==== Extracted information

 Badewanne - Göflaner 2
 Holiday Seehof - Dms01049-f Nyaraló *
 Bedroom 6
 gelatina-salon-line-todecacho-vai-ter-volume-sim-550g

========
==== Extracted information

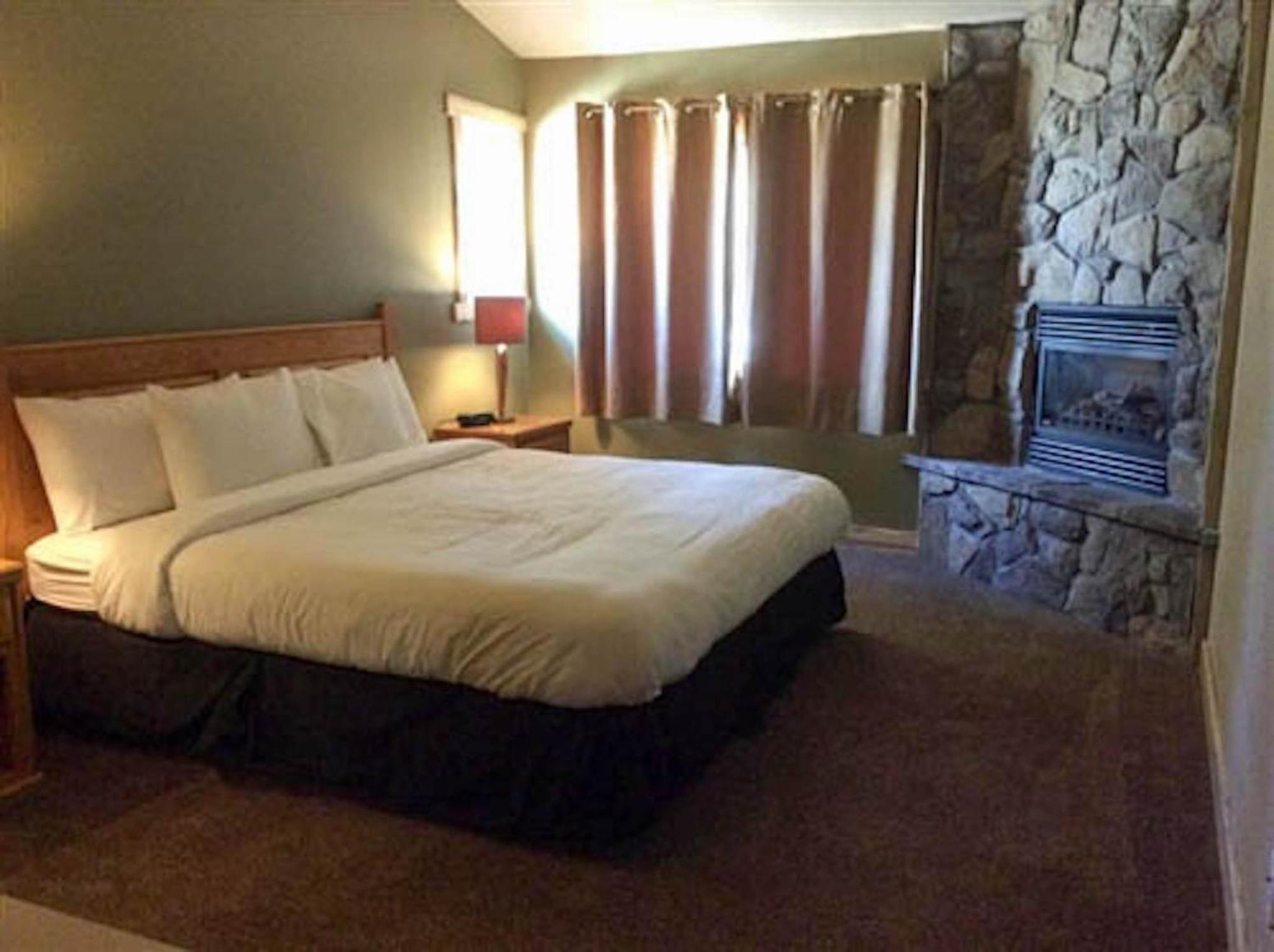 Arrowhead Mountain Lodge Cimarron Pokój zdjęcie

========

## Action item
All lines above between those holding "Badewanne - Göflaner 2" and "gelatina-salon-line-todecacho-vai-ter-volume-sim-550g", inclusive, must be set down unchanged, and no other line may be included.

## Solution to the exercise
 Badewanne - Göflaner 2
 Holiday Seehof - Dms01049-f Nyaraló *
 Bedroom 6
 gelatina-salon-line-todecacho-vai-ter-volume-sim-550g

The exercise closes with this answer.